» **Problem description**
Nothing but the lines below from the one containing "691 PARK RD, Lansdale, PA 19446" through the one containing "Perburuan UFO, 5" should appear in the answer, exact and without pictures.

» **The records**
*** Block opens ***
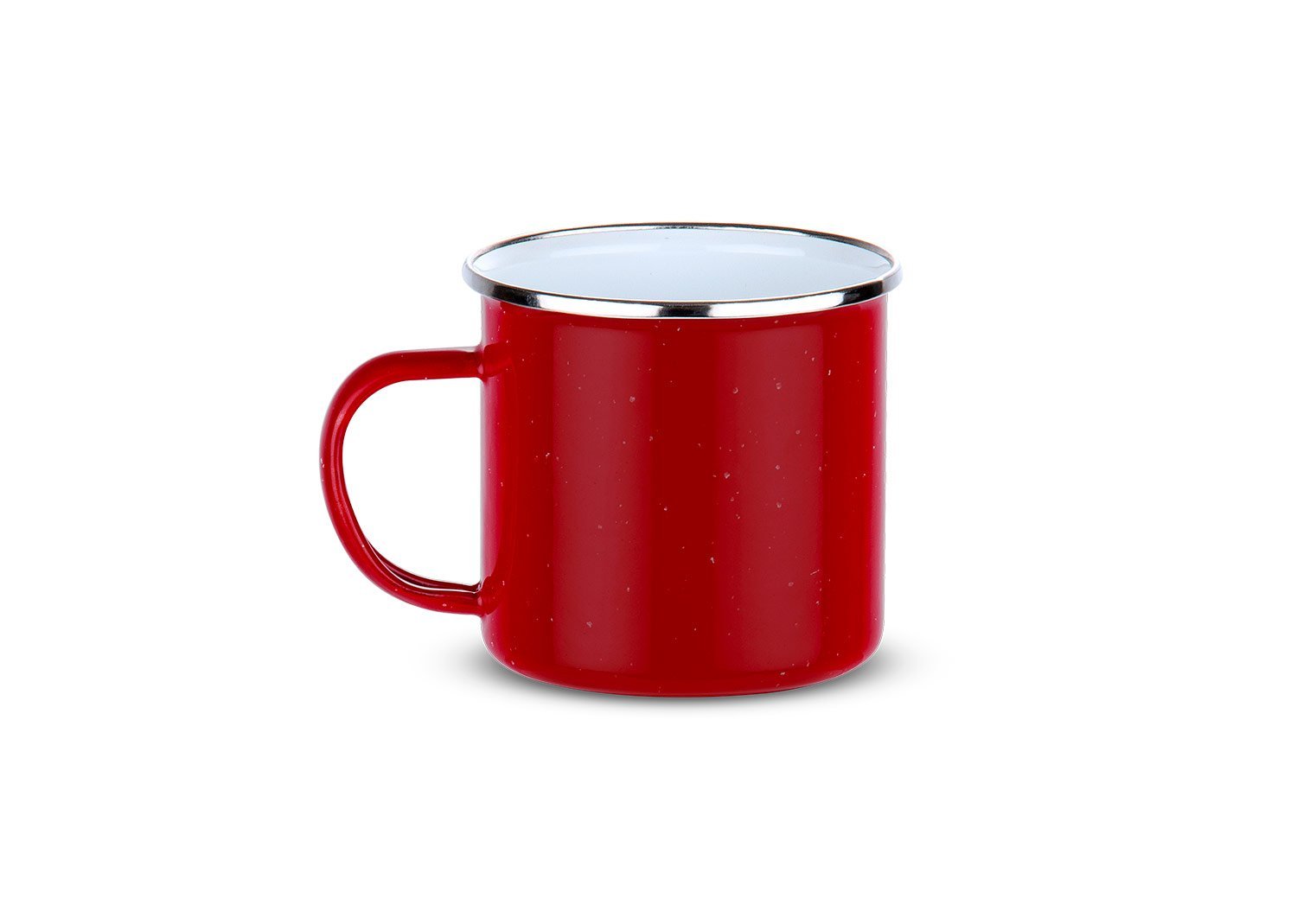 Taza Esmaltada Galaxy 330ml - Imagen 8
*** Block closes ***
*** Block opens ***
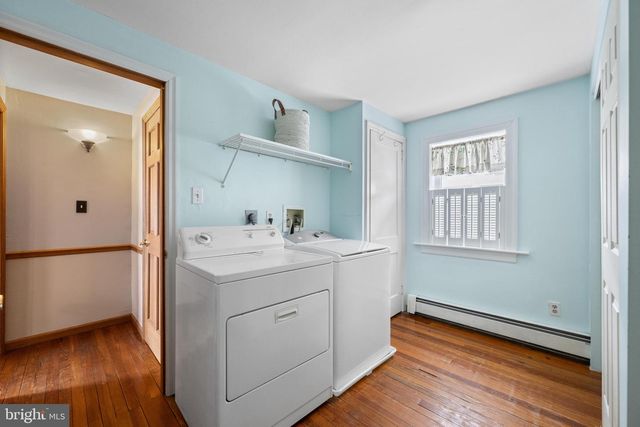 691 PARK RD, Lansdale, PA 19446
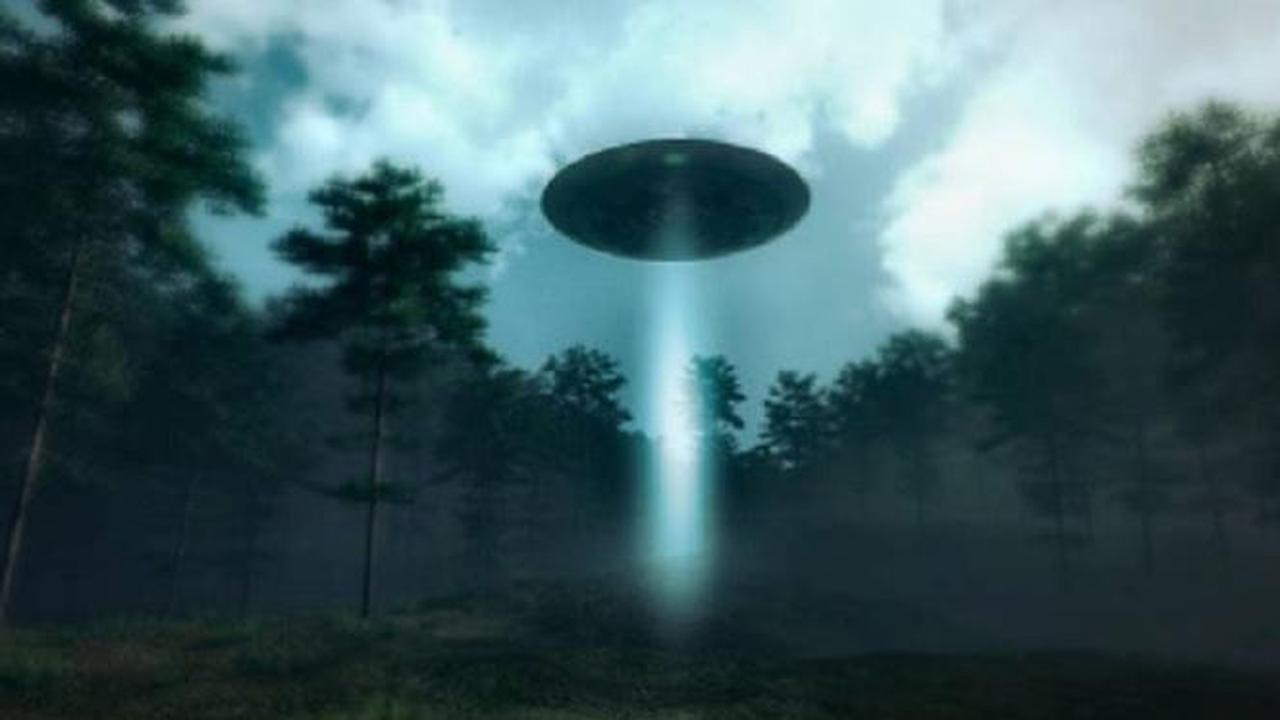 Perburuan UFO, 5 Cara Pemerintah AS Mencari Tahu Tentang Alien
*** Block closes ***
» **Your solution**
 691 PARK RD, Lansdale, PA 19446
 Perburuan UFO, 5 Cara Pemerintah AS Mencari Tahu Tentang Alien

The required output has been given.